Cyclura – Rock iguanas/Cycluras

Large-bodied, herbivorous lizards found nowhere else than West Indies

Comprises some of the most imperiled lizard species globally, with several facing imminent extinction threats. As documented by the International Union for Conservation of Nature (IUCN) Red List of Threatened Species, out of the 16 officially recognized species and subspecies within the genus, a staggering five are classified as endangered, while an alarming eight are categorized as critically endangered, highlighting the urgent need for conservation action.

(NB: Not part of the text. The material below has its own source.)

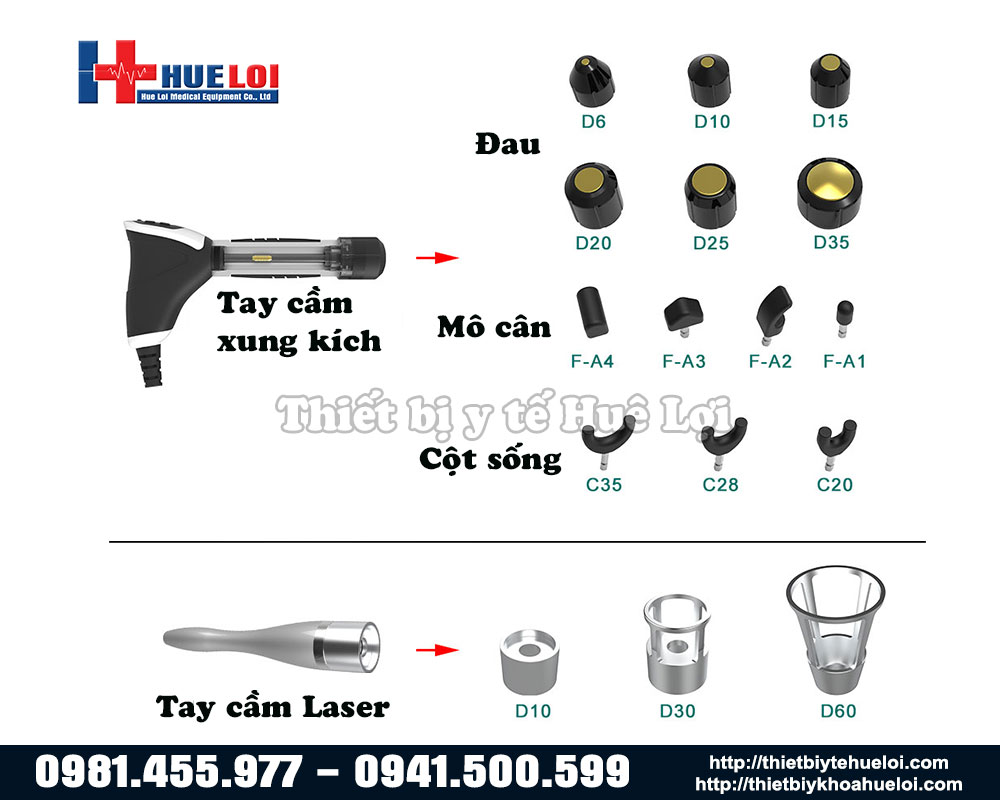 Các đầu điều trị của máy xung kích IP1064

Cyclura iguanas are characterized by their distinctive physical features, including long, straight tails, robust limbs, and formidable claws, which facilitate their survival in their native habitats. One of their most striking attributes is the presence of a sizable skin flap known as a dewlap, which hangs from their throat and serves multiple functions, including thermoregulation and communication.

Their coloration varies from dark greys to light browns, often adorned with conspicuous banding patterns that aid in camouflage and predator avoidance. Notably, Cyclura iguanas have evolved a unique adaptation to endure periods of food scarcity by storing significant reserves of fat around their necks, providing a vital energy reserve during lean times.

Despite their remarkable adaptations, Cyclura iguanas face a myriad of threats to their existence, primarily driven by human activities. Habitat destruction, poaching for the exotic pet trade, and invasive species predation pose significant challenges to their survival in the wild. Moreover, their restricted geographic ranges and low reproductive rates exacerbate their vulnerability to extinction pressures.